A large part of the problem with HDL tools is that semantic eloquence is vacant from hardware description. Machine design through explicit module definition is not the best way to solve massive and complex problems; Verilog becomes extremely bulky and debugging systems can take an extremely long time. In my 6.111 project I was drawn to the idea of using multiple parallel datapaths and creating an assembler to assign functions to each of the datapaths. I later discovered that this was not an uncommon practice. We would want to go a level higher than this to solve bigger problems in less time: we want our system to spawn specific datapaths for a particular algorithm in order to maximize throughput. The system should generate optimal hardware structures from a high-level algorithm description.

Recursive functional programming allows for us to think of massively sized machines unfolding to solve a problem; often times we would unfold machines much larger than an FPGA could emulate. If we are at 99% resource utilization we may still map our problem to the FPGA, but once we go to 101% our entire design fails. There is currently no good way to implement a system that pushes and pops state and configuration data. We want to be able to dynamically spawn modules and alter the connection between modules to enable the architecture implement systems that are much more complicated than could fit statically on the FPGA.

I recently read a paper about function multiplexing on an FPGA. The idea is that each configurable unit may have multiple configurations. We could utilize this to dynamically transition a module between functionalities: while the FPGA is in configuration 0, we reprogram configuration 1. As soon as configuration 0 has completed its execution, the system switches to configuration 1. We then reprogram configuration 0 and so forth.
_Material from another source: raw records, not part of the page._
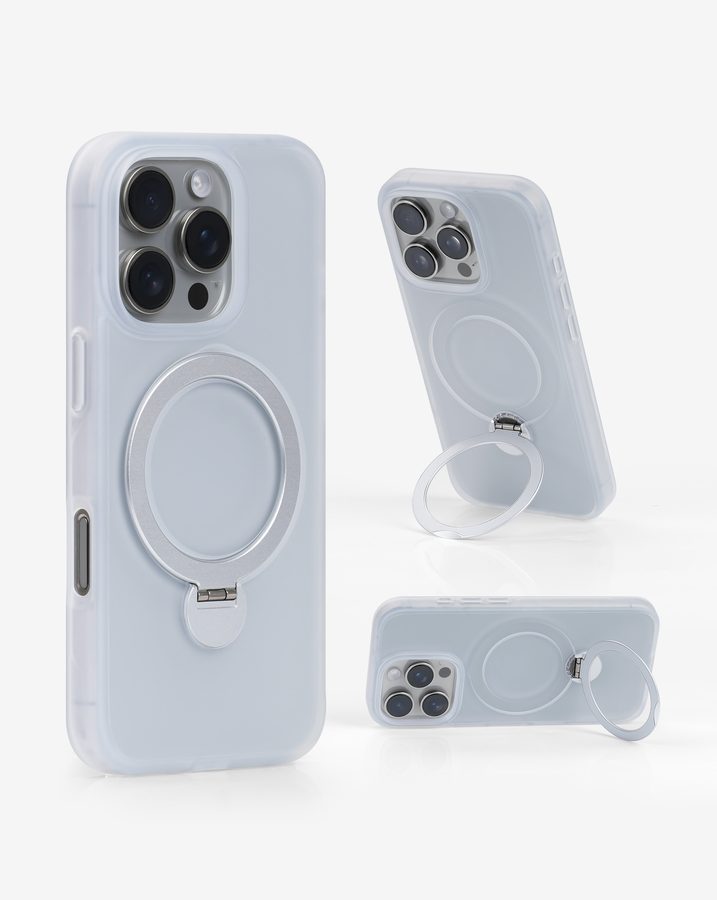 Clear Magnetic Stand Phone case — K2602006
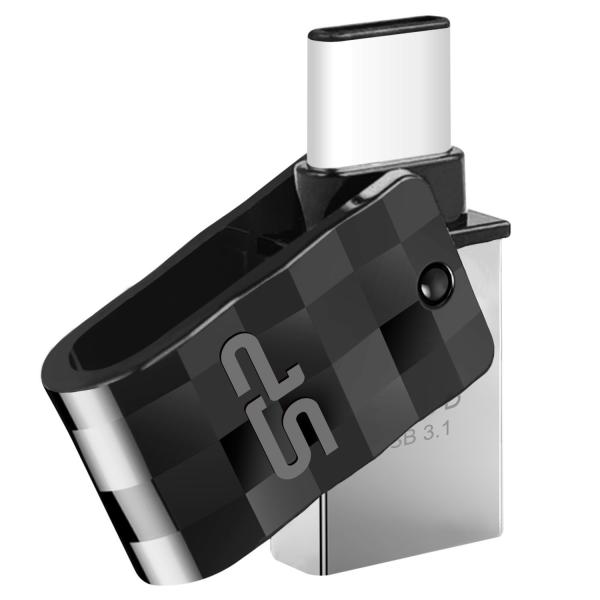 Silicon Power SP032GBUC3C31V1K Mobile C31, 32 GB, USB Type-A / USB Type-C, 3.2 Gen 1, Swivel, Black - Afbeelding 3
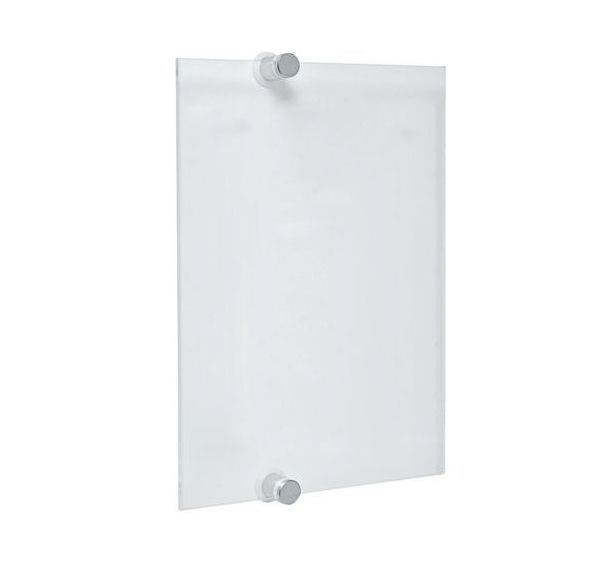 Crystal Sign - Plaque de porte A4 Portrait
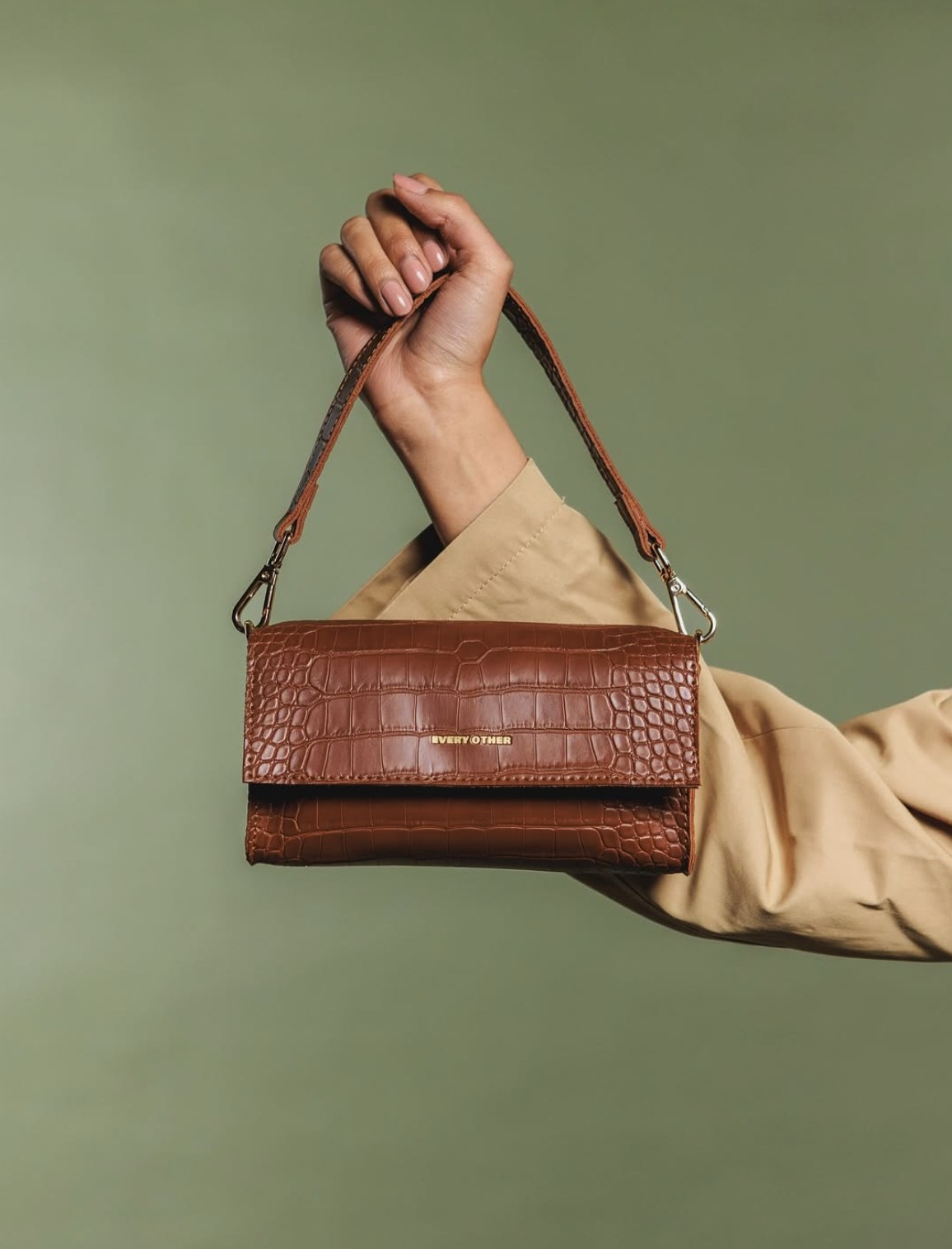 Every Other — Croc-embossed shoulder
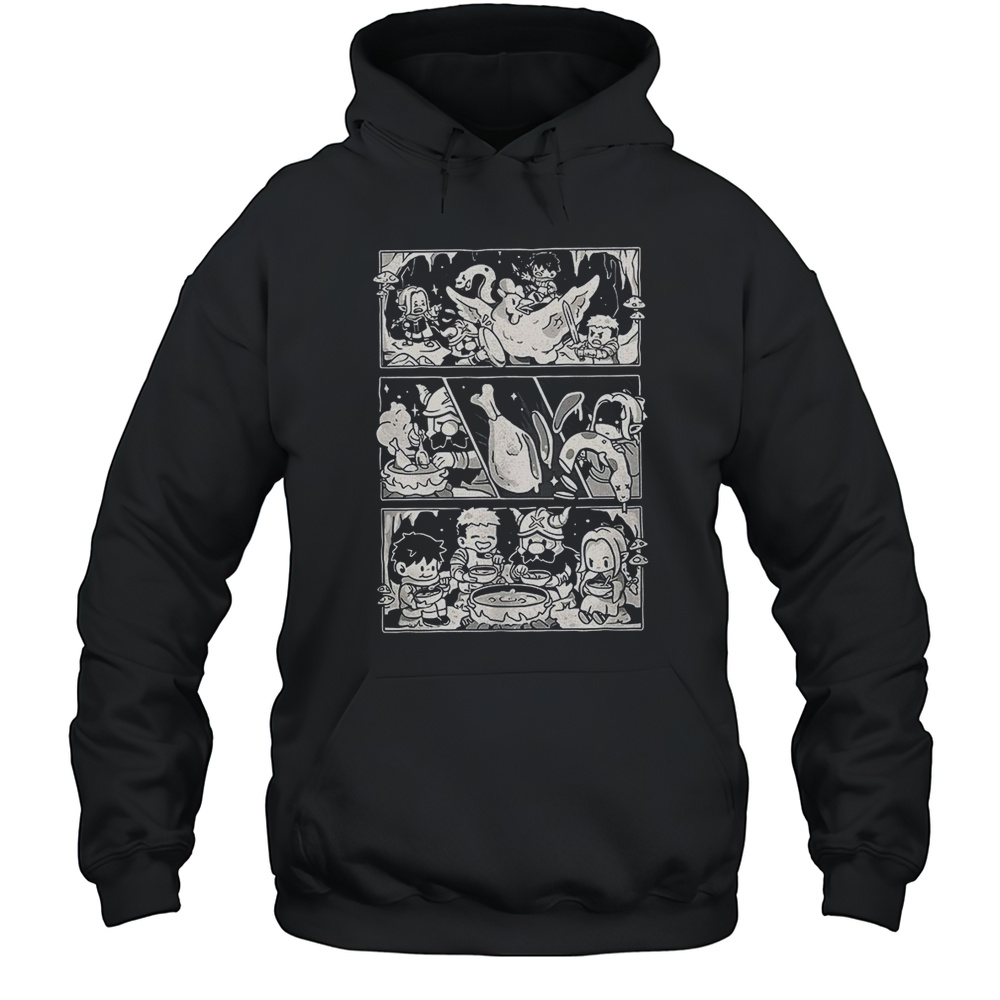 Dungeon Meshi Delicious In Dungeon Dungeon Feast Shirt Unisex Hoodie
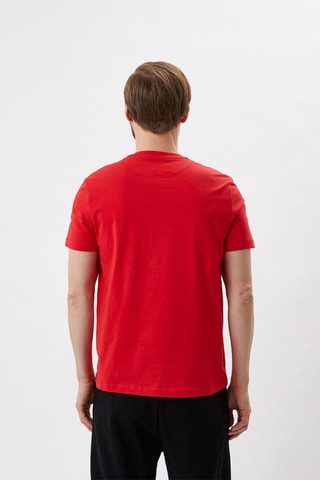 Camiseta slim fit - Blanco, rojo y azul
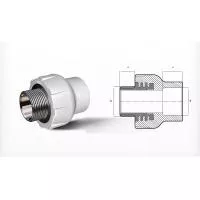 З'єднувач ь Valrom PP-R 25 мм x 3/4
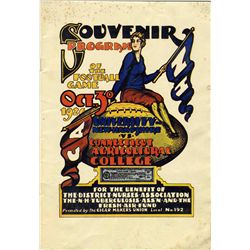 Program for University of New Hampshire vs. Connecticut Agriculture College -- 30 October 1926 -- Ne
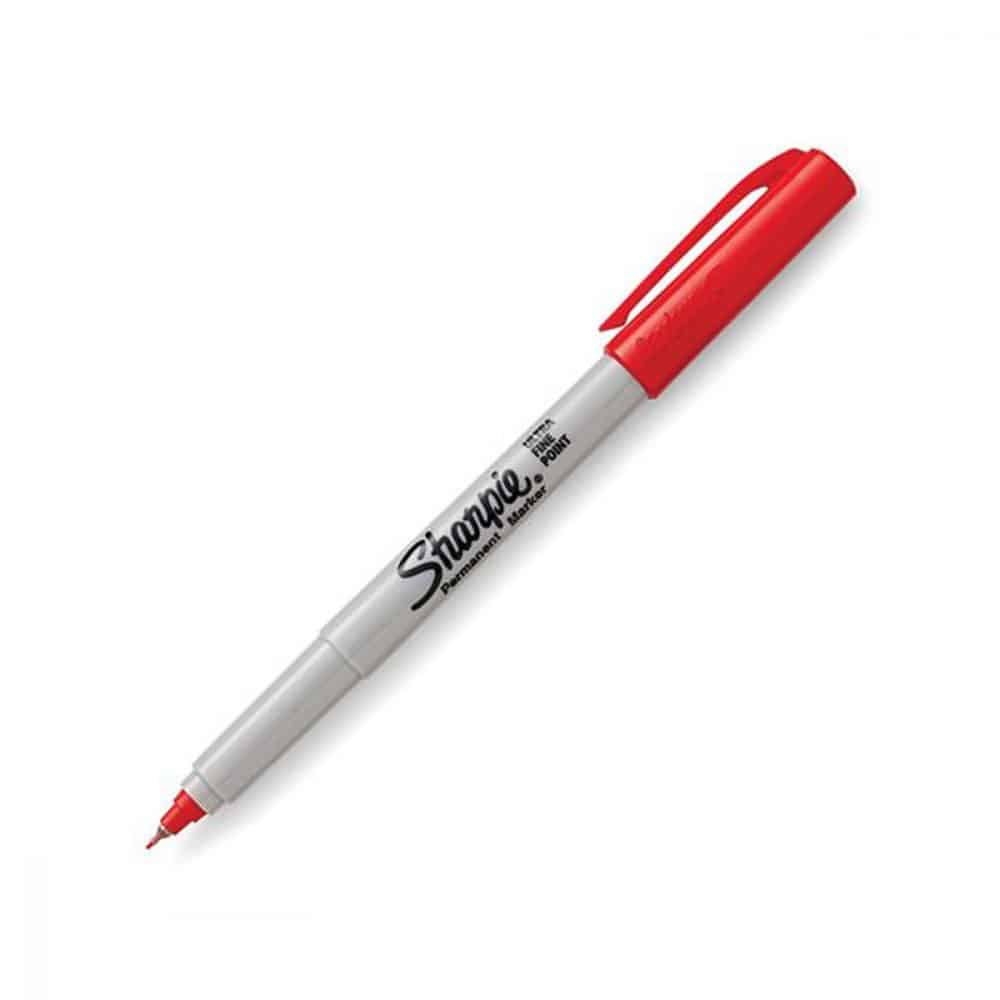 Marqueur permanent Sharpie à pointe ultra-fine - rouge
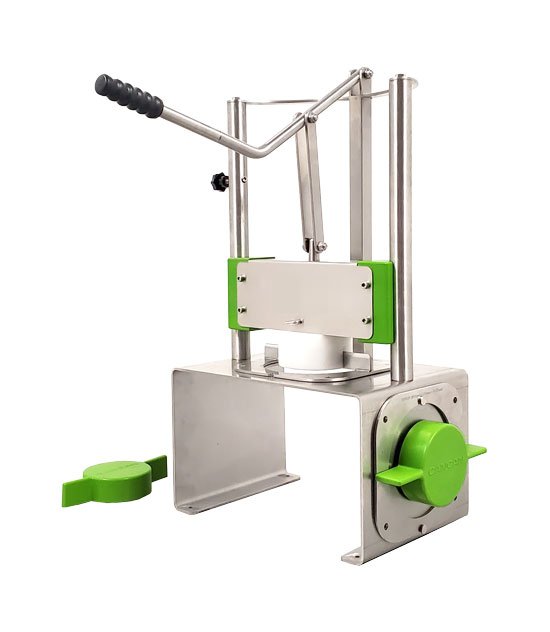 Tabletop Manual Pineapple Corer and Peeler Machine with Stainless Steel 89″ and 95″ Blades 47415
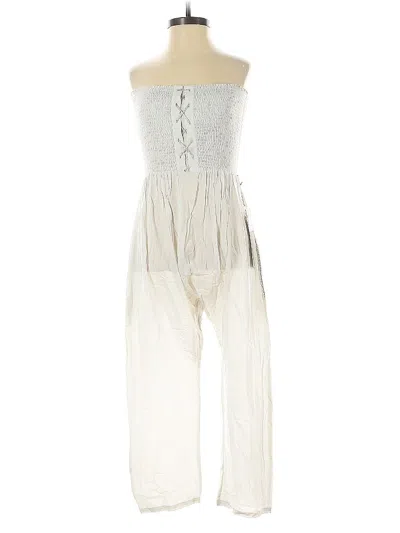 Moroccan Touch Jumpsuit In White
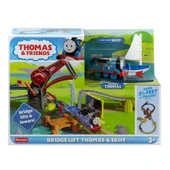 Orjinal Fisher Price Thomas ve Arkadaşları Thomas ve Skiff Açılır Köprü Macerası Seti HGX65 thumbnail 8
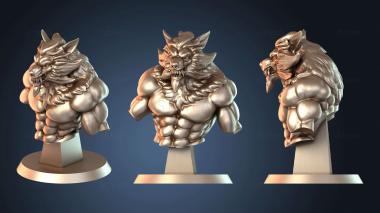 3D модель Бюст Вервольфа (STL)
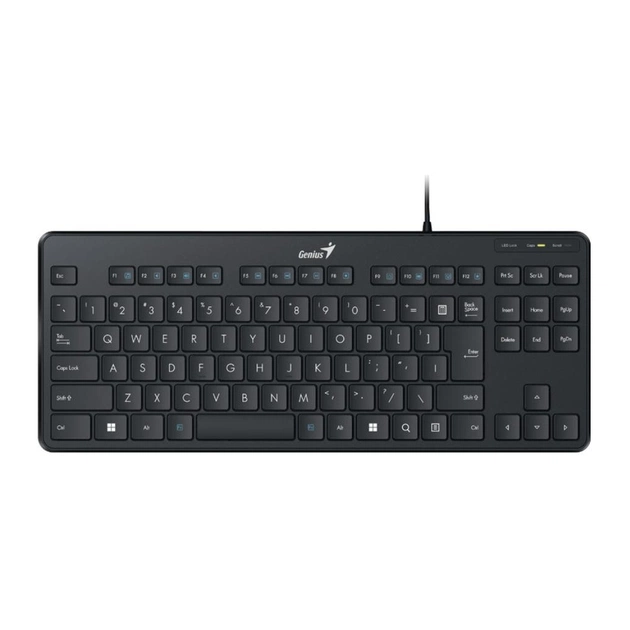 Клавіатура Genius LuxeMate 110 USB UA Black (31300012407) - зображення 1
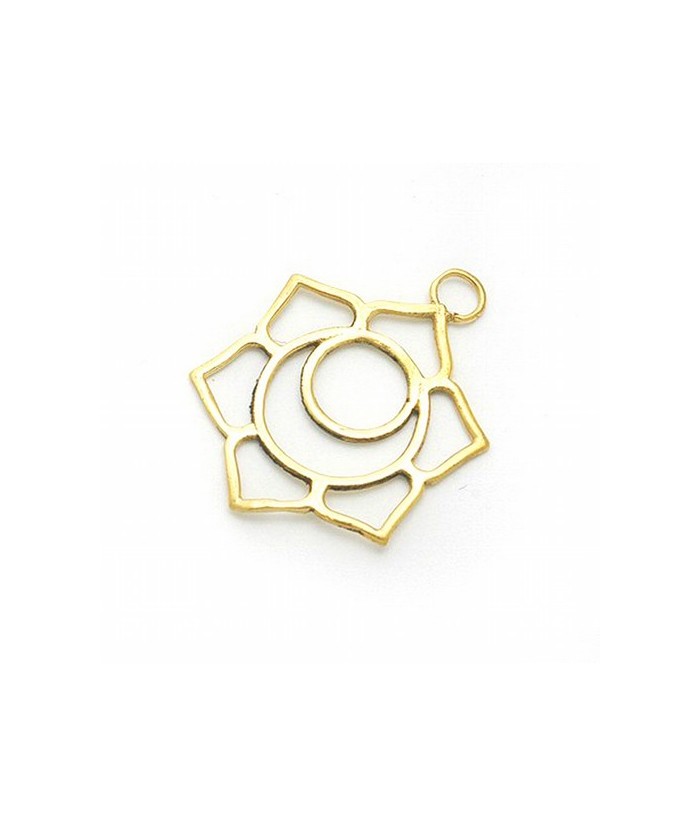 Colgante simbología de los chakras.

Material: Bisutería.

Medida: Ø 3 cm.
If we have more than 2 configuration spaces we can even imagine data directed, conditional reconfiguration in which we choose between multiple next configurations based on the state of the system at some branch point.

To do this we would an operating system to manage the resources of an FPGA based computer. Such an operating system should work symmetrically with distributed computing systems and multi-core CPUs. The scope of this problem is much larger than I can accomplish on my own. It will be incredibly important to look at what's already been done and to devise a methodology and a taxonomy that can easily be adopted by the community of FPGA developers.